If you are keeping the transmission in your car(s) a drive with torque mode would be really useful I'd think. It could make the car behave essentially as if it still had the gas engine, just no gas. If you could then get a drive with torque mode and speed mode switchable with a small switch in the car, you could use them to switch between "race" and "street" modes. The speed mode would be good in the snow, since you always set the speed and not the torque, therefore you have control of the wheel speed and not the torque. The torque mode would be good for racing or fast acceleration, since you want it to hit maximum speed as fast as possible. Good in the corners too, you don't want regenerative braking on pedal lift when you are taking the corners fast.


----------



## JRoque (Mar 9, 2010)

Hi. I bought my 5HP SJ300 new on eBay for $300. There's a 1 HP version now, used, for ~$120. Too bad the encoder board is more than the drive itself, but it is also available on eBay.

I fought myself over what to do with the interface. On the one hand, you do get more flexibility by intercepting the pedal signals and massaging before sending to the drive. On the other hand, it might be more reliable to connect the pedals directly to the drive and use the micro to command max current and voltage levels. If the micro were to fail, the drive would still work. It would also reduce the chance of sudden max throttle or brakes if something were to go wrong with the micro. But I also have a counter argument for that so you can see I've gone nowhere with this. 

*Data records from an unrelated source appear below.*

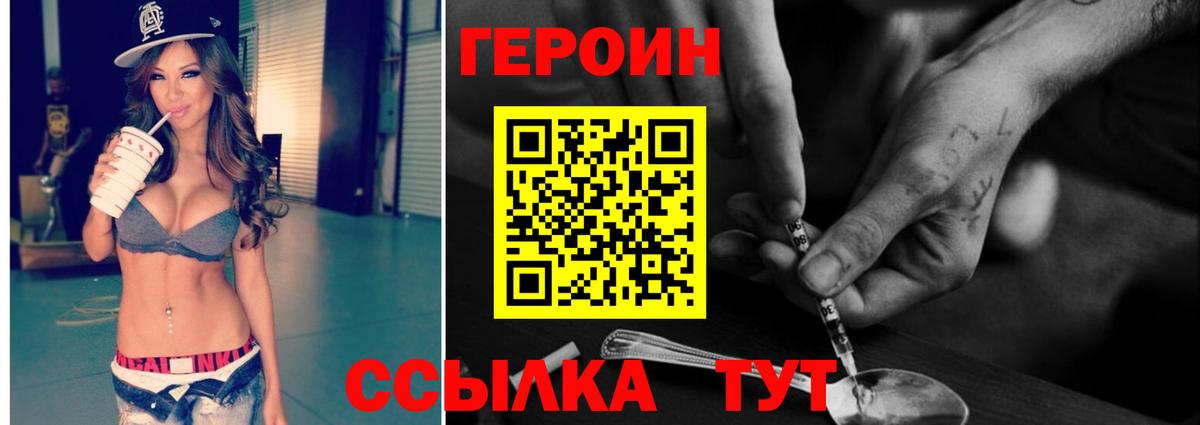 Рязань  ГЕРОИН гречка  Вход с VPN 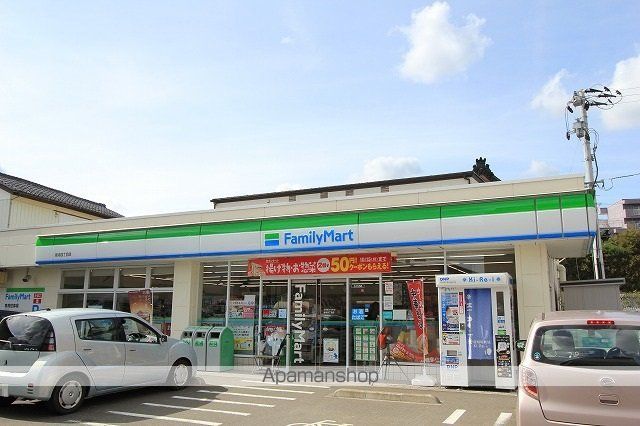 シャーメゾン新寺Iの周辺写真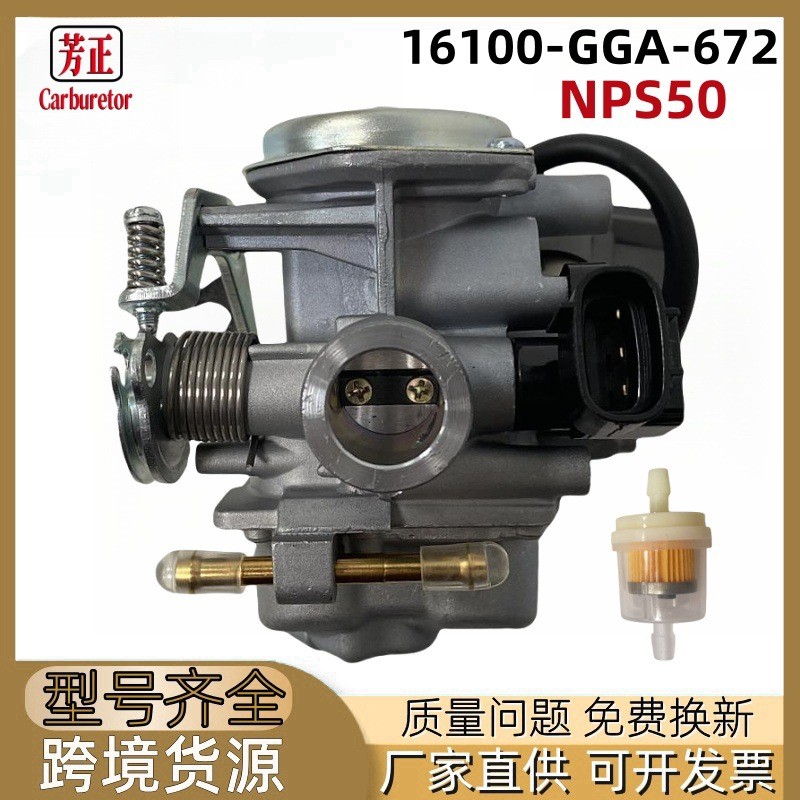 16100-GGA-672 คาร์บูเรเตอร์รถจักรยานยนต์เหมาะสําหรับ Honda 2011-2019 Ruckus 50 NPS504.6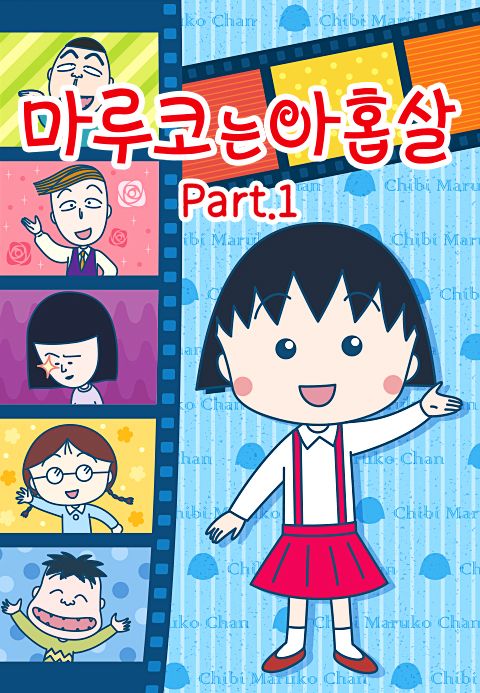 마루코는 아홉살 PART1 (자막)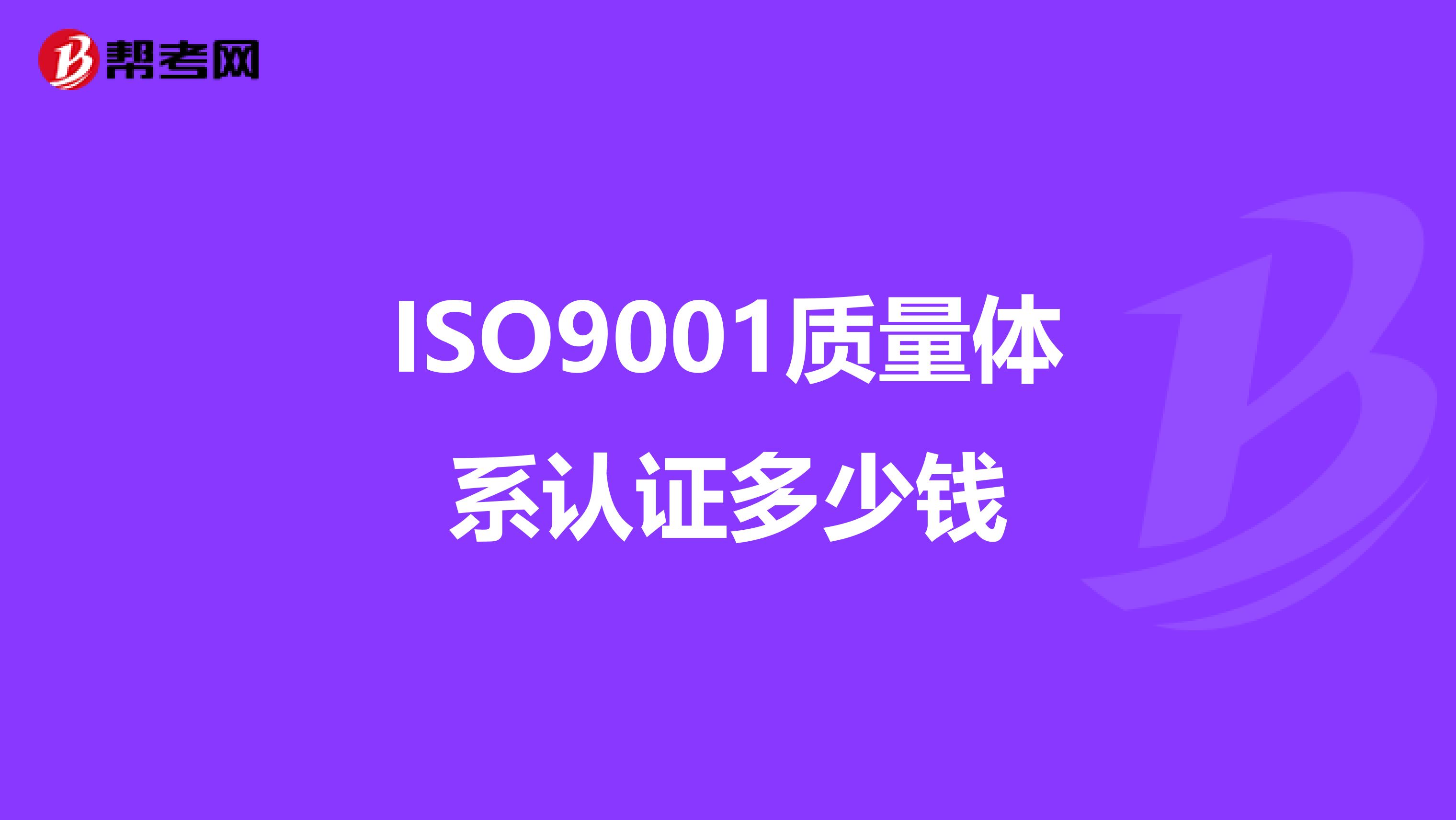 ISO9001质量体系认证多少钱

I did build a prototype to link the pedals to the drive and it worked well with the exception of proportional brake regen as mentioned above - the drive shuts down when you command 'stop' so it loses track of the motor speed. This will probably be cured by adding the encoder. 

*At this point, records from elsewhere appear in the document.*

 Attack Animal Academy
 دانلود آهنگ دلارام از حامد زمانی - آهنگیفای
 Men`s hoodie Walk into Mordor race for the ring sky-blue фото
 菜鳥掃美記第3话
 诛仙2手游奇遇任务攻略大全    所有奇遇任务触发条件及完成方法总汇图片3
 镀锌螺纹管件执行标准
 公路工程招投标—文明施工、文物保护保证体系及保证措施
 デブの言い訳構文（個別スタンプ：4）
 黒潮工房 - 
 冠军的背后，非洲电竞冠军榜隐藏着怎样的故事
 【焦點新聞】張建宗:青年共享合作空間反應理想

The SJ300, and I imagine many more also, can resume motor speed realtime without the need to stop the motor like some old drives did. Hitachi also provides free software for their drives. I did try ProDrive package but never got it to talk to the VFD. IIRC, it had something to do with the drive port I was using and not the RS485 i/f. Allen Bradley, Siemens, ABB and Eurotherm come to mind as good drives also.

JR


----------



## subcooledheatpump (Mar 5, 2012)

Sad news today 

















While range testing the Express, the controller exploded. 

I suspect it was due to overvoltage. 

I was going down a hill, I had my foot on the brake pedal. At the bottom I let off the brake pedal and the controller exploded. 

To be honest, it needed a better controller anyway. The new controller I want to make will have better IGBTs, it will be liquid cooled and it won't be in the passenger compartment (the explosion was quite violent, I won't have anything like that sitting next to me again) and I want it to have FOC/Vector control 

Stay tuned for the next controller and an overhaul of the van


----------



## DDDvvv (Apr 2, 2012)

that is terrible news. all 3 phases are gone? at least, the motor did not "run away" ( ac motor advantage.) any new ideas/ plans for the next controller?


----------



## subcooledheatpump (Mar 5, 2012)

With the new controller, I will use 300 amp 1200 volt IGBTs (or maybe 600 amp 1200 volt), I will also use larger gate resistors to slow the switching to reduce voltage buildup. I'll keep the same switching frequency ( 3 kHz) and they will be liquid cooled

I'm also going to use a dynamic braking resistor to work in all braking situations, that way the voltage won't buildup and go out of control. 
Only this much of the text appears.